--- SUPPLIED INFORMATION ---

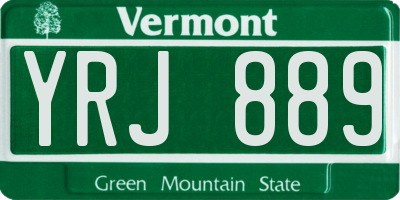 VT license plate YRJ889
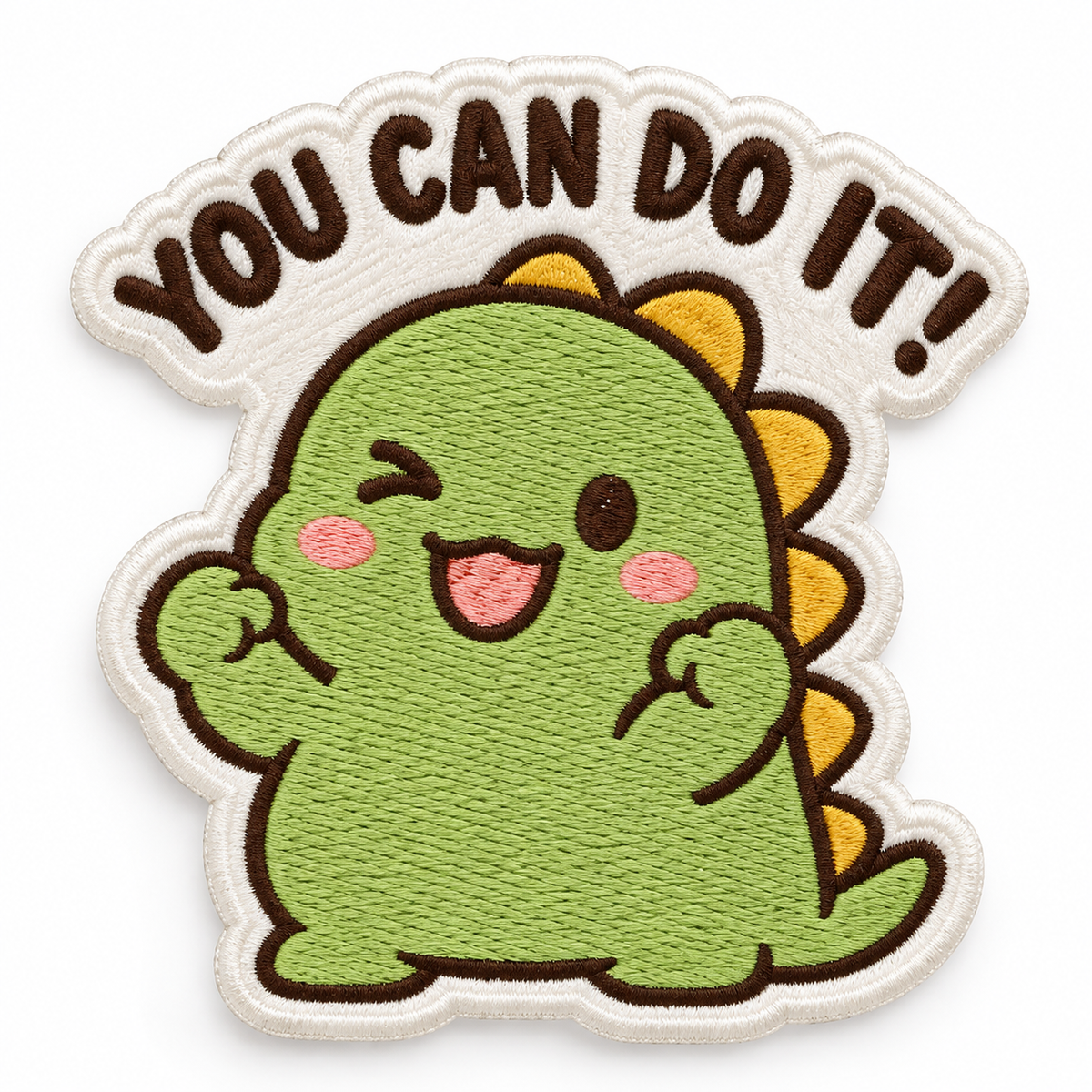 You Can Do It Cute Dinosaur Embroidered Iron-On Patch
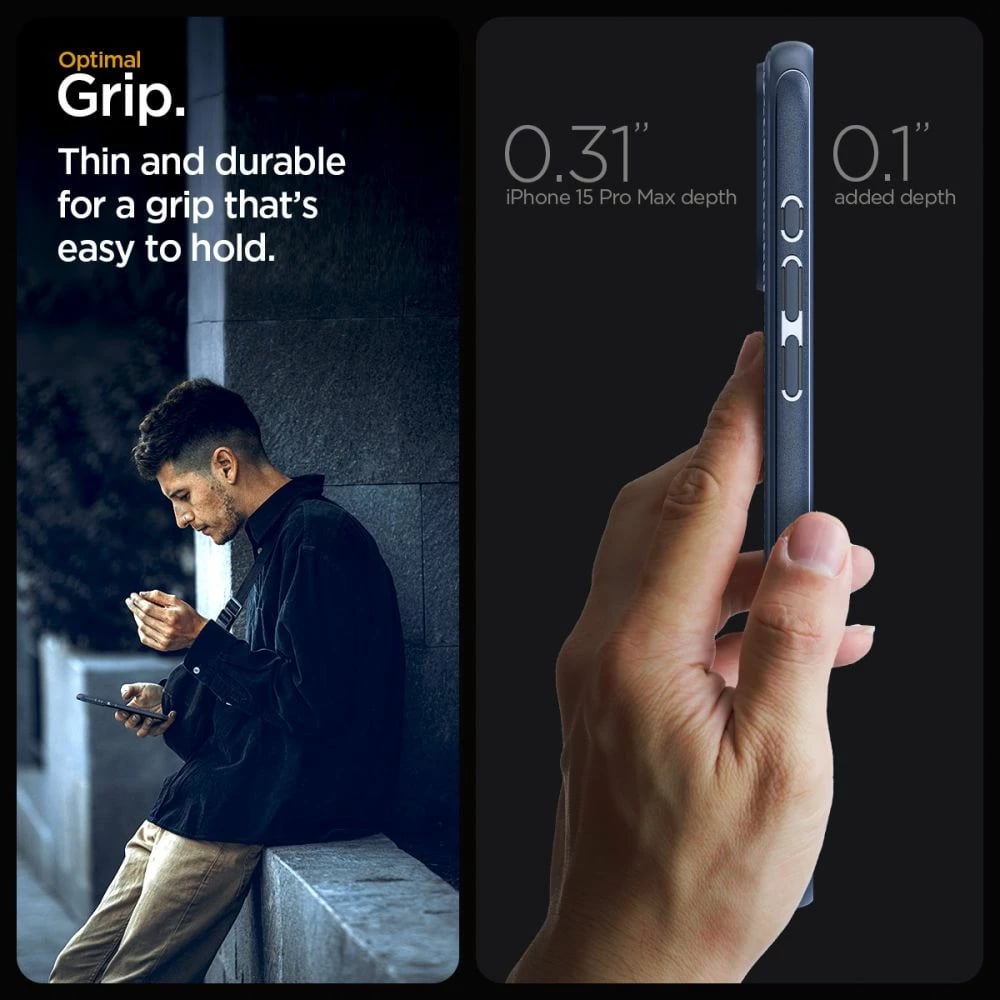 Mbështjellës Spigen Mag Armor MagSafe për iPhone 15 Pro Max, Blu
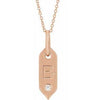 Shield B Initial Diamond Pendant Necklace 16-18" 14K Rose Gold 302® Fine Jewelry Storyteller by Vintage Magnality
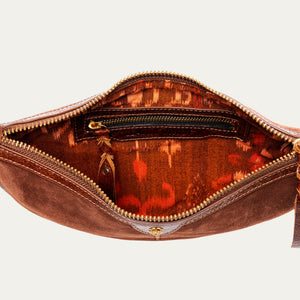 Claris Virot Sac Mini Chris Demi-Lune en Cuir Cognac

---

**HOW TO COMPLETE THIS TASK:**
Exclude all images and restate the records above word for word.

**EXERCISE OUTPUT:**
 VT license plate YRJ889
 You Can Do It Cute Dinosaur Embroidered Iron-On Patch
 Mbështjellës Spigen Mag Armor MagSafe për iPhone 15 Pro Max, Blu
 Shield B Initial Diamond Pendant Necklace 16-18" 14K Rose Gold 302® Fine Jewelry Storyteller by Vintage Magnality
 Claris Virot Sac Mini Chris Demi-Lune en Cuir Cognac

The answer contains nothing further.